In the preceding sections, an automated approach for deriving detailed and consistent cabin designs, and VR-compatible 3D models thereof, from preliminary design data provided in the CPACS format has been demonstrated. Moving along a cohesive digital thread, the CPACS data are processed in a knowledge-based design system capable of augmenting missing cabin and structural information based on a reduced set of control parameters. In addition, a CAD model of the fuselage is generated based on the CPACS parameters using the OCCT library and converted to a triangulated surface mesh for visualization. The structural model is then merged with a cabin assembly, which can process detailed component models provided in addition to CPACS.

The methods have then been demonstrated using the AVACON Research Baseline as an example. Visualizations of the resulting model using various environments including an interactive scene built using the Unity VR platform have been provided.

However, the example also highlights one of the key limitations of the design process at this stage, which is the reliance on 3D dummy models for the design. Even though an impressive level of detail for the visualization can be achieved in this way, such “dead” geometry can only treated based on its bounding box during the design.

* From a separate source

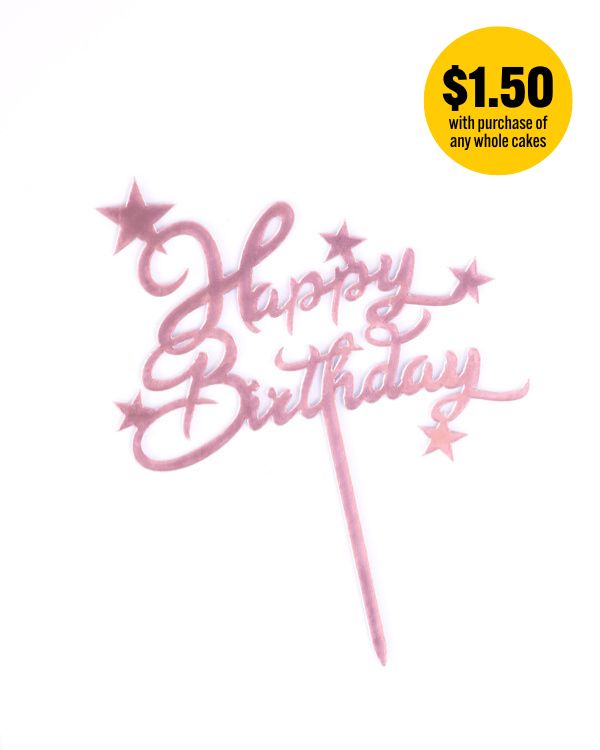 'Happy Birthday' Topper (Pink, Stars)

In addition, missing component models like the panels for the door areas can lead to gaps in the model, which is detrimental to the immersion. Therefore, a parametric description schema for cabin elements, similar to CPACS for the fuselage structure, will be essential for future developments. Such a description could not only contain parameters on the geometry of the part but also explicit connection points e.g. to structural components and thus provide valuable additional information for the positioning. This level of detail certainly exceeds the scope of a format like CPACS, which remains aimed primarily at preliminary design activities. At the same time, it presents an opportunity for the development of complementary formats, where new accomplishments in information technology, such as semantic web technologies, can be explored and integrated.

Improved interactivity of the VR application is another interesting trajectory for future developments. Currently, the user can explore the model by walking through it. But given the capabilities of engines like Unity, much more advanced user interactions, such as querying and visualizing metadata or dependencies from within the model or interacting with individual components, are possible. In fact, many of these features have already been demonstrated by [2].

Finally, given the goal of the DLR to become a virtual OEM capable of mirroring entire development cycles digitally, the mock-up introduced in this paper along with its parameterization is well suited to take the role of a virtual product. The geometry can be made available to other critical disciplines, e.g. noise analysis or crash and ditching simulation. Since a detailed finite element mesh is needed, the requirements for which differ substantially from those for the triangle meshes for visualization presented here, it will be necessary to integrate an external mesher such as Gmsh [28] or MeshGems [29]. However, this effort might open up promising new research trajectories, as feeding back the disciplinary analysis results to the virtual product will enable a comprehensive and integrated evaluation and optimization of the cabin within the virtual development cycle.